▶ [Work required]:
Reproduce every record exactly as it appears, but not the pictures.

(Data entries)
____
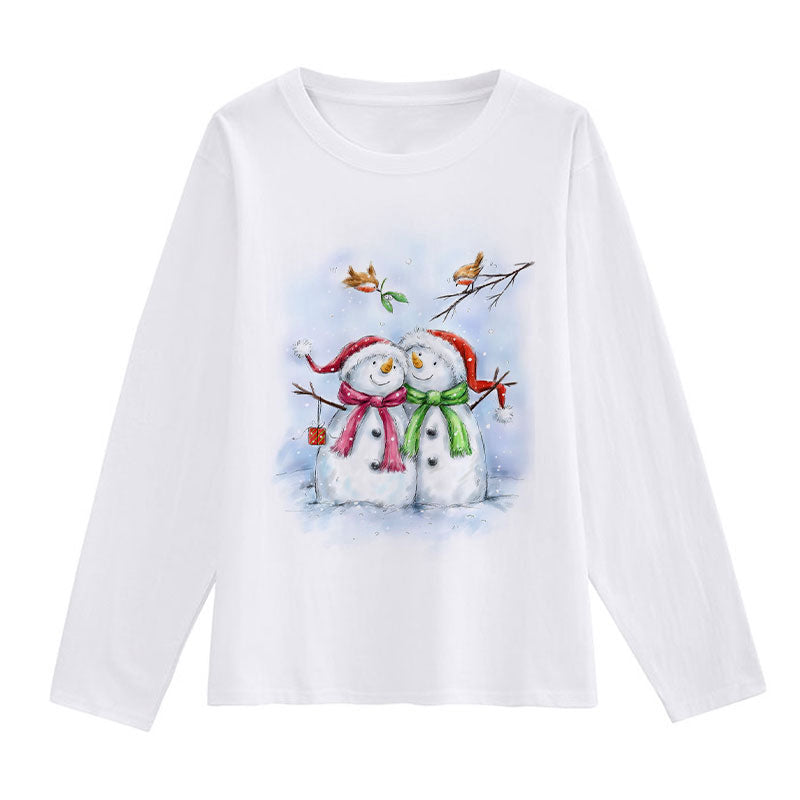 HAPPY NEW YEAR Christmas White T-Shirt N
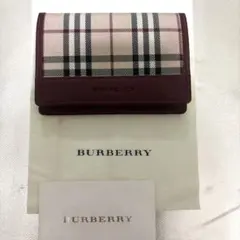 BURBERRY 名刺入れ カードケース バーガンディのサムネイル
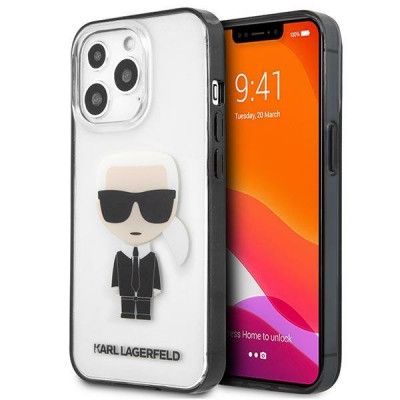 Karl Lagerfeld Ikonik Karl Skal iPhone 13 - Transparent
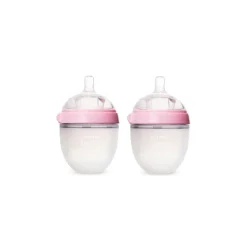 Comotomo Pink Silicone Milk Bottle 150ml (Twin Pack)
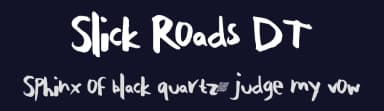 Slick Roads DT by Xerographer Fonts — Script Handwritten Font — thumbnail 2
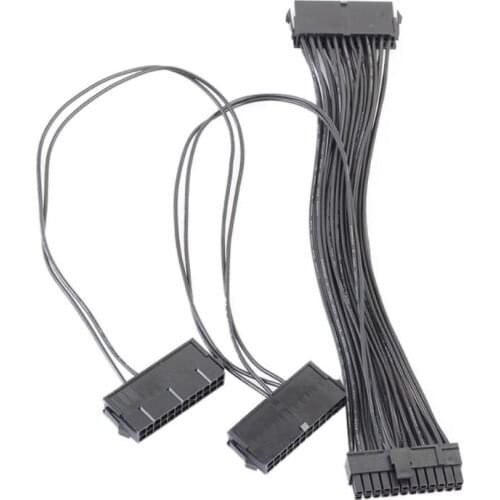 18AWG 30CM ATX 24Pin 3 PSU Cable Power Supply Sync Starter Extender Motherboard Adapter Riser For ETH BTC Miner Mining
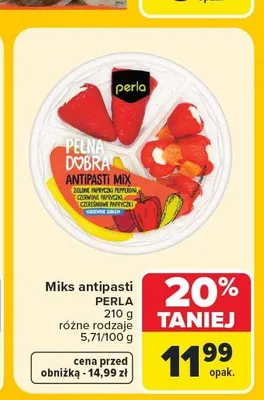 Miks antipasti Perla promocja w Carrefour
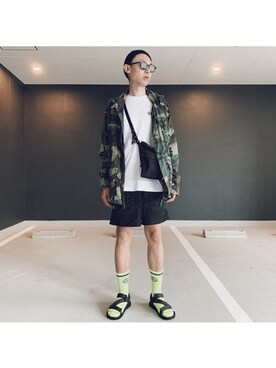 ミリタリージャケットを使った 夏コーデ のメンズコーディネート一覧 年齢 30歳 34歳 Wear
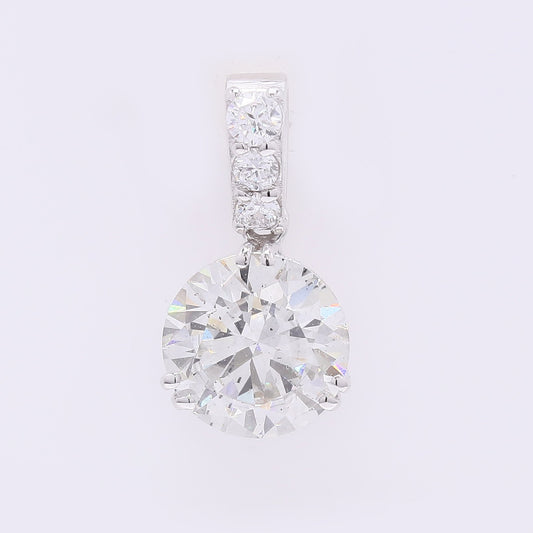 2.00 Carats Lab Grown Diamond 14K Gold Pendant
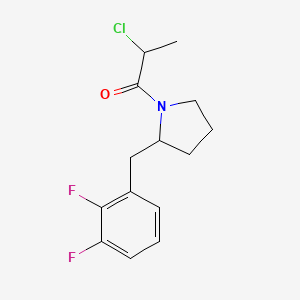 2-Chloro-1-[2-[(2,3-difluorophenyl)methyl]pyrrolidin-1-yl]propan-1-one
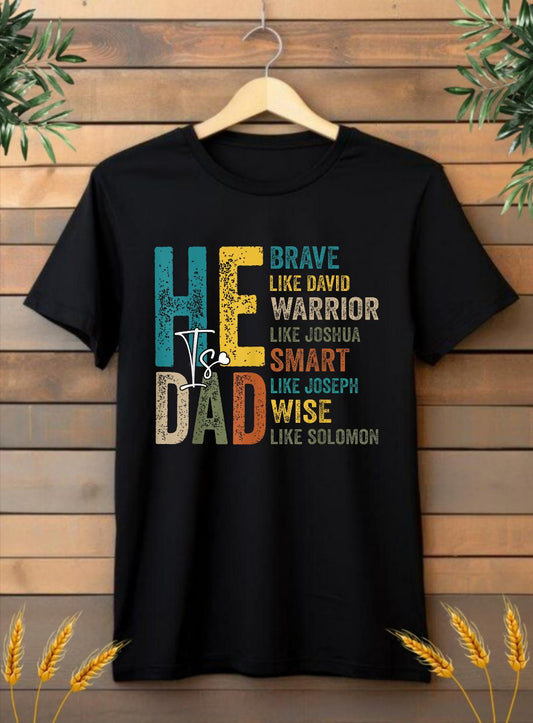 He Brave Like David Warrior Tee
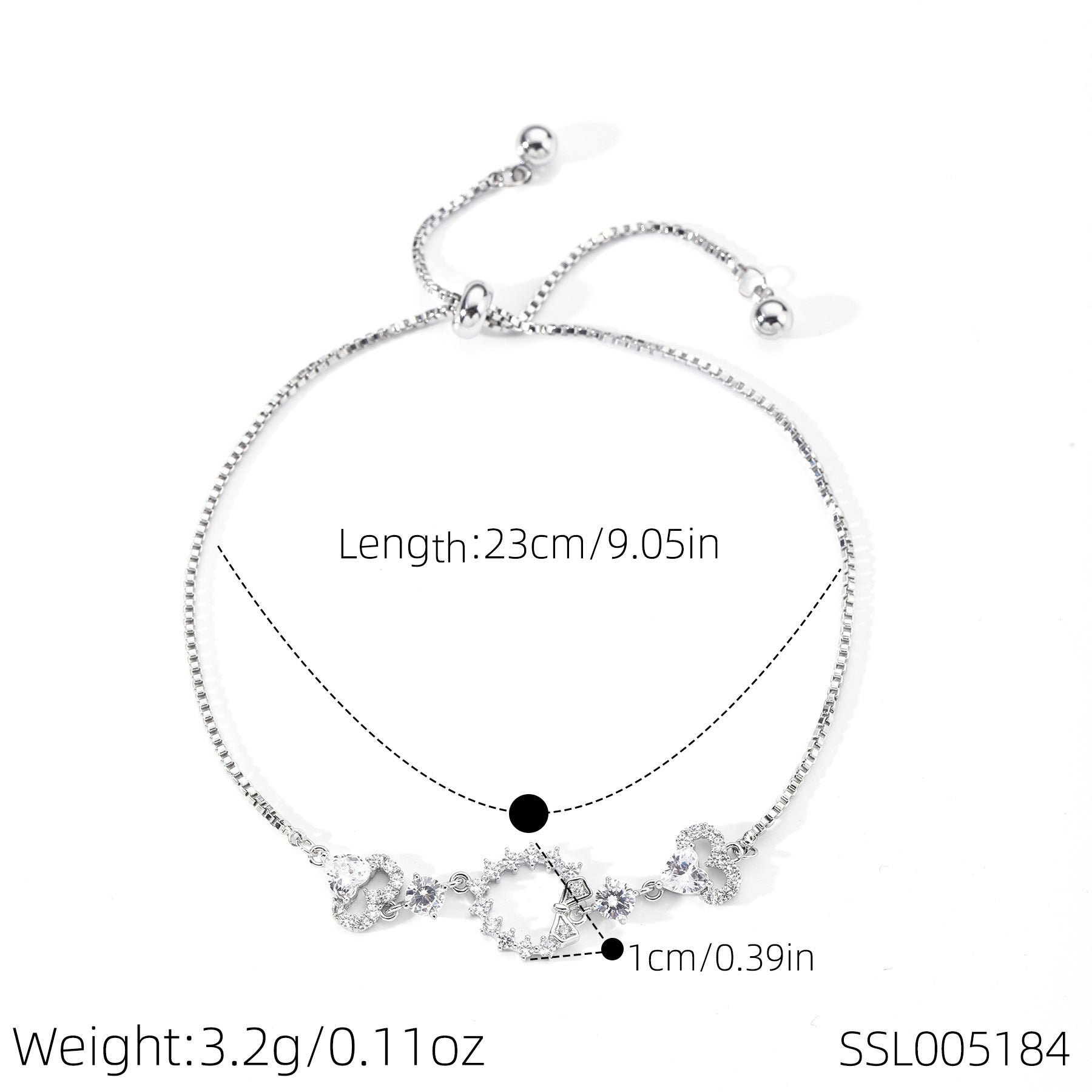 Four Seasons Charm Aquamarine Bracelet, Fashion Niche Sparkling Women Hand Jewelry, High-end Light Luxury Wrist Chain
____
▶ [Task solution]:
 HAPPY NEW YEAR Christmas White T-Shirt N
 BURBERRY 名刺入れ カードケース バーガンディのサムネイル
 Karl Lagerfeld Ikonik Karl Skal iPhone 13 - Transparent
 Comotomo Pink Silicone Milk Bottle 150ml (Twin Pack)
 Slick Roads DT by Xerographer Fonts — Script Handwritten Font — thumbnail 2
 18AWG 30CM ATX 24Pin 3 PSU Cable Power Supply Sync Starter Extender Motherboard Adapter Riser For ETH BTC Miner Mining
 Miks antipasti Perla promocja w Carrefour
 ミリタリージャケットを使った 夏コーデ のメンズコーディネート一覧 年齢 30歳 34歳 Wear
 2.00 Carats Lab Grown Diamond 14K Gold Pendant
 2-Chloro-1-[2-[(2,3-difluorophenyl)methyl]pyrrolidin-1-yl]propan-1-one
 He Brave Like David Warrior Tee
 Four Seasons Charm Aquamarine Bracelet, Fashion Niche Sparkling Women Hand Jewelry, High-end Light Luxury Wrist Chain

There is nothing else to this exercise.